祝卿安最終還是沒有踏上出國的飛機。
她在起飛前,撕掉了自己的護照,把自己的身份證掰成了兩片,隨手丟在了路邊的垃圾桶里。
只要她在用自己的身份或者,哪怕她到天涯海角,宋應決都還是能夠找到她,所以她不要再當祝卿安了。
她戴上口罩和墨鏡,穿上了最討厭的黑色衣服,買了帶著大帽子的衛衣外套,從京城一路坐著不需要身份證的大巴車向南走,坐到哪兒算哪兒,從來沒停過。
比起晚上去城里、去主酒店,在車站或者在車上睡反而是最安全的,這個世界上流浪的人這么多,也不會多她一個。

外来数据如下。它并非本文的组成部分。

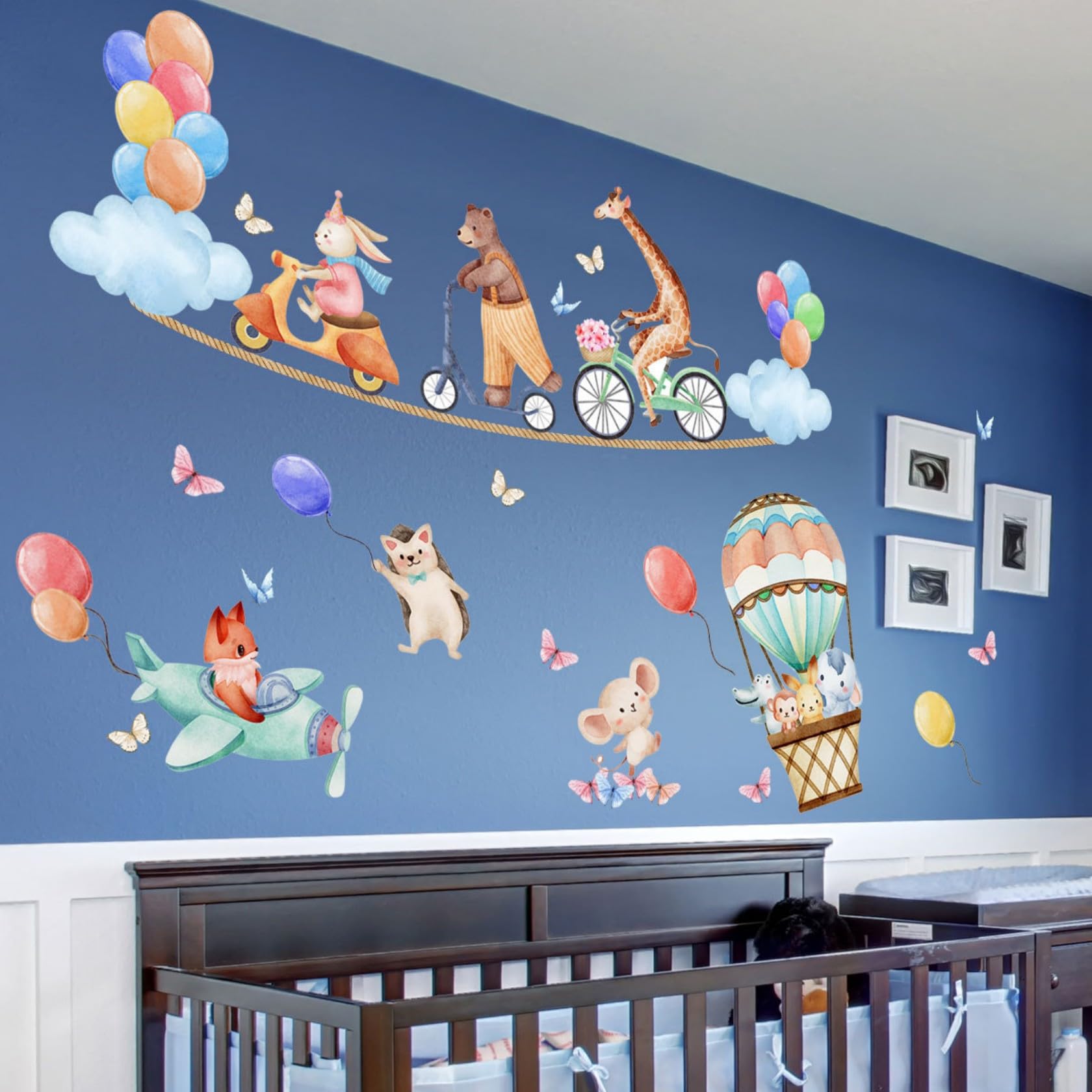 Lekabee Animals Wall Decals,Elephant Giraffe Rabbit Bear Balloon Clouds Wall Stickers Baby Nursery Kids Bedroom Living Room Wall Decor - Image 2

餓了就吃她曾經最嗤之以鼻的泡面,吃多了腸胃不舒服,她干脆換成了壓縮餅干,吃一塊可以頂一天,不僅健康還易攜帶。
中途她不是沒有遇到過奇怪人的騷擾,畢竟流浪的人里也是分了高低貴賤的。
于是她趁一次車輛停靠在城市內時,第一次走出了站點,在一家三無化妝品店買了一百塊的劣質化妝品,在自己的臉上化了幾道駭人的傷疤,又給自己化了一個很嚇人的眼珠子。
從那之后,她再也不用戴口罩了。
忘記說了,第一次出站的時候,她還在城市的廣告屏上看到了宋應決,他卸任了宋氏集團執行總裁的職位。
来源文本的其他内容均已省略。